[Saved entries]
□ □ □ □

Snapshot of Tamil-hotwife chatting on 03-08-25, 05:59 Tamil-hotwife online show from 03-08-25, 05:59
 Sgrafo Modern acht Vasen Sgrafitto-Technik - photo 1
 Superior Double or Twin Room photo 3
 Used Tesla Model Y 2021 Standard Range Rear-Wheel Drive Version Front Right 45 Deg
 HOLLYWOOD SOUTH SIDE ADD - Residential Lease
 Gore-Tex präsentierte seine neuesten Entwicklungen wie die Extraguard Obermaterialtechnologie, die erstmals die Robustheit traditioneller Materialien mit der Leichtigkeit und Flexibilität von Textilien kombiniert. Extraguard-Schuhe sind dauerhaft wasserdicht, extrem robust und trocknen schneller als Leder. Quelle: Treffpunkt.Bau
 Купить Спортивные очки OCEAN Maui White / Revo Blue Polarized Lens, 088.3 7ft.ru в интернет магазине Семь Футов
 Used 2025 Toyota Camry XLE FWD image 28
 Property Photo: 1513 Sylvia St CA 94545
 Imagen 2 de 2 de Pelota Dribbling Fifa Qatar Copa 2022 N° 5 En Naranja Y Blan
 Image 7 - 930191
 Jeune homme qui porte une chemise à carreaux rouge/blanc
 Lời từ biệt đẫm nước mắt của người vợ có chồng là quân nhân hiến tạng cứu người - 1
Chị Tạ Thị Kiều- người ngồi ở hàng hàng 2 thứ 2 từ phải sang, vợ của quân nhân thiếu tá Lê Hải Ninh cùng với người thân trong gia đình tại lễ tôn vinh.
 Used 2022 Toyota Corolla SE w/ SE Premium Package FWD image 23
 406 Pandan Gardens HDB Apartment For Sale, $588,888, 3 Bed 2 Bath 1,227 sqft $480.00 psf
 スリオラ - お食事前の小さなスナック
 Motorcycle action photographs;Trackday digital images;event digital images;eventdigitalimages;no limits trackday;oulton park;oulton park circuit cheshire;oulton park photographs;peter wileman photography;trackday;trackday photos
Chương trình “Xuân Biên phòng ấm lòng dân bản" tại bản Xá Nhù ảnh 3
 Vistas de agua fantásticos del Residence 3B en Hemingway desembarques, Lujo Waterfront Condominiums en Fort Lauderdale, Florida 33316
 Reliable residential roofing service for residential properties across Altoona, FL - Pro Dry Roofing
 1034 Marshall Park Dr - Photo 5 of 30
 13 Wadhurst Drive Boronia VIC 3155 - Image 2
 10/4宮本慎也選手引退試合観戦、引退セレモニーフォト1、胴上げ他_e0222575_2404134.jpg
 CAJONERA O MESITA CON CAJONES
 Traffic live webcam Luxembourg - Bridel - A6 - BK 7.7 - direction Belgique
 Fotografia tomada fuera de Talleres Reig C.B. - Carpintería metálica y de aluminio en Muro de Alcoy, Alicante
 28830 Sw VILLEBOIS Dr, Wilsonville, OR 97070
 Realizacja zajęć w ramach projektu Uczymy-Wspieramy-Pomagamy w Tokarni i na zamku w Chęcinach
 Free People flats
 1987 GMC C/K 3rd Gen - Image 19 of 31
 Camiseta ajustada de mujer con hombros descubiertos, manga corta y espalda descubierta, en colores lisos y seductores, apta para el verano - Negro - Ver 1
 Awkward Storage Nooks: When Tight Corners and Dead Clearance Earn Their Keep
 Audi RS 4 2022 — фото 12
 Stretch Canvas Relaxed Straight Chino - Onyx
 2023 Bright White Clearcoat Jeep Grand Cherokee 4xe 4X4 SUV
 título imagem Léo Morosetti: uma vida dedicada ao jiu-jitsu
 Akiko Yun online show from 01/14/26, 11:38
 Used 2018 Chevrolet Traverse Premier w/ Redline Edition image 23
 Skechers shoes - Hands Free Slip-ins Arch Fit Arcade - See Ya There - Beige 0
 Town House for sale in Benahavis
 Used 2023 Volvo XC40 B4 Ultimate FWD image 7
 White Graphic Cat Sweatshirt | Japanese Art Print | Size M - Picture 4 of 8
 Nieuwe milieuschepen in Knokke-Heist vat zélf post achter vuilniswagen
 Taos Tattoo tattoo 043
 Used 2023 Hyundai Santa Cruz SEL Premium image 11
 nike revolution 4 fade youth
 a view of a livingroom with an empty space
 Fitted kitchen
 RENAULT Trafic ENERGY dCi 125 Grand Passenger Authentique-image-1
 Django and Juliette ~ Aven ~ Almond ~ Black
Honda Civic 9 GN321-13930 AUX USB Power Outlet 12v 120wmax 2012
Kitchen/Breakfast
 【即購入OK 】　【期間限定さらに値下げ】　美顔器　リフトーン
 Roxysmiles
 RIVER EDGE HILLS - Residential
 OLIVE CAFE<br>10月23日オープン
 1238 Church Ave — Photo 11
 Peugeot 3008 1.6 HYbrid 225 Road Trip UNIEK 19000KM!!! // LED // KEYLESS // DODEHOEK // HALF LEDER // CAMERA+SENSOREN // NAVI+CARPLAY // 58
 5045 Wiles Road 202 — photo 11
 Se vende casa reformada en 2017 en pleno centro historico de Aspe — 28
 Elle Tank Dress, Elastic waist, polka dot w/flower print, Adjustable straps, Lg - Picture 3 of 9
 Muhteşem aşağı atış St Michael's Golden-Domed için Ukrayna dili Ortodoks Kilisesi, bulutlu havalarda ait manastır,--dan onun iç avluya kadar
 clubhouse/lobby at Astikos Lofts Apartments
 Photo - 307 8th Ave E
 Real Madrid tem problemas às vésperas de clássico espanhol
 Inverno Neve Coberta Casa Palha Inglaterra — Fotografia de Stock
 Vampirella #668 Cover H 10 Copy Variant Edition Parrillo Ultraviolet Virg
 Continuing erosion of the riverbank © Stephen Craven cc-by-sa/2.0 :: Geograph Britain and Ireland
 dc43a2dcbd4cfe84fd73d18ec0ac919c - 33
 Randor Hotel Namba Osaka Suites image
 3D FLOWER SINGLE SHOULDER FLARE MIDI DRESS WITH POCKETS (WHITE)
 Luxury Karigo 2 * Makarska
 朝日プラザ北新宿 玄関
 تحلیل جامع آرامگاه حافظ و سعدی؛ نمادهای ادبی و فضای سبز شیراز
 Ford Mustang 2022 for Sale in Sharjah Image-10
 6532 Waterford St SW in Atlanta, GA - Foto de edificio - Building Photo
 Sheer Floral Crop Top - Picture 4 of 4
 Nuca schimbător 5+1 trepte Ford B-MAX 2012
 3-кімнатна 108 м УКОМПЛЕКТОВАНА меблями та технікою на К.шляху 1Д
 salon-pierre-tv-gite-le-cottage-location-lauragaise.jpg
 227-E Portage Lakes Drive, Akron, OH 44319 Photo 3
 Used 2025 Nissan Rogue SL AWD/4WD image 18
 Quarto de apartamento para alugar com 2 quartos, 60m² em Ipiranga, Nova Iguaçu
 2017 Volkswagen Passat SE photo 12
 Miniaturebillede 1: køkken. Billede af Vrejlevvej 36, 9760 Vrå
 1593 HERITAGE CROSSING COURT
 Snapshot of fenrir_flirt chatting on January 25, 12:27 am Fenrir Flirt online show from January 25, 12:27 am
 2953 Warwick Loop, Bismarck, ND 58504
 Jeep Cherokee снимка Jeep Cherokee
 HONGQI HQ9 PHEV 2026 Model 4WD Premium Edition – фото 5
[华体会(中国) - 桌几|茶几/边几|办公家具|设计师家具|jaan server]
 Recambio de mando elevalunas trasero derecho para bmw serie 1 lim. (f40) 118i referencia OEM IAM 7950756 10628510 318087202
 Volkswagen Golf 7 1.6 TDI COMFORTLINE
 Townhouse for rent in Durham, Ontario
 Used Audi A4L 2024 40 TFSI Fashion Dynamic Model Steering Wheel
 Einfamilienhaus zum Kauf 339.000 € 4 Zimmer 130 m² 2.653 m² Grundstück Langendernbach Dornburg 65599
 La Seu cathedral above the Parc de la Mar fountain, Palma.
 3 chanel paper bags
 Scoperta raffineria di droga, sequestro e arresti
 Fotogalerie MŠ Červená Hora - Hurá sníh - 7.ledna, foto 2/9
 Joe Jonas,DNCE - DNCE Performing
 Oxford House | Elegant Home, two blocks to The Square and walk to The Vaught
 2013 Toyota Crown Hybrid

□ □ □ □

**WHAT IS NEEDED**. Print exactly the lines above from the one with "Audi RS 4 2022 — фото 12" to the one with "تحلیل جامع آرامگاه", including both.

**SOLUTION FOR THIS EXERCISE**.
 Audi RS 4 2022 — фото 12
 Stretch Canvas Relaxed Straight Chino - Onyx
 2023 Bright White Clearcoat Jeep Grand Cherokee 4xe 4X4 SUV
 título imagem Léo Morosetti: uma vida dedicada ao jiu-jitsu
 Akiko Yun online show from 01/14/26, 11:38
 Used 2018 Chevrolet Traverse Premier w/ Redline Edition image 23
 Skechers shoes - Hands Free Slip-ins Arch Fit Arcade - See Ya There - Beige 0
 Town House for sale in Benahavis
 Used 2023 Volvo XC40 B4 Ultimate FWD image 7
 White Graphic Cat Sweatshirt | Japanese Art Print | Size M - Picture 4 of 8
 Nieuwe milieuschepen in Knokke-Heist vat zélf post achter vuilniswagen
 Taos Tattoo tattoo 043
 Used 2023 Hyundai Santa Cruz SEL Premium image 11
 nike revolution 4 fade youth
 a view of a livingroom with an empty space
 Fitted kitchen
 RENAULT Trafic ENERGY dCi 125 Grand Passenger Authentique-image-1
 Django and Juliette ~ Aven ~ Almond ~ Black
Honda Civic 9 GN321-13930 AUX USB Power Outlet 12v 120wmax 2012
Kitchen/Breakfast
 【即購入OK 】　【期間限定さらに値下げ】　美顔器　リフトーン
 Roxysmiles
 RIVER EDGE HILLS - Residential
 OLIVE CAFE<br>10月23日オープン
 1238 Church Ave — Photo 11
 Peugeot 3008 1.6 HYbrid 225 Road Trip UNIEK 19000KM!!! // LED // KEYLESS // DODEHOEK // HALF LEDER // CAMERA+SENSOREN // NAVI+CARPLAY // 58
 5045 Wiles Road 202 — photo 11
 Se vende casa reformada en 2017 en pleno centro historico de Aspe — 28
 Elle Tank Dress, Elastic waist, polka dot w/flower print, Adjustable straps, Lg - Picture 3 of 9
 Muhteşem aşağı atış St Michael's Golden-Domed için Ukrayna dili Ortodoks Kilisesi, bulutlu havalarda ait manastır,--dan onun iç avluya kadar
 clubhouse/lobby at Astikos Lofts Apartments
 Photo - 307 8th Ave E
 Real Madrid tem problemas às vésperas de clássico espanhol
 Inverno Neve Coberta Casa Palha Inglaterra — Fotografia de Stock
 Vampirella #668 Cover H 10 Copy Variant Edition Parrillo Ultraviolet Virg
 Continuing erosion of the riverbank © Stephen Craven cc-by-sa/2.0 :: Geograph Britain and Ireland
 dc43a2dcbd4cfe84fd73d18ec0ac919c - 33
 Randor Hotel Namba Osaka Suites image
 3D FLOWER SINGLE SHOULDER FLARE MIDI DRESS WITH POCKETS (WHITE)
 Luxury Karigo 2 * Makarska
 朝日プラザ北新宿 玄関
 تحلیل جامع آرامگاه حافظ و سعدی؛ نمادهای ادبی و فضای سبز شیراز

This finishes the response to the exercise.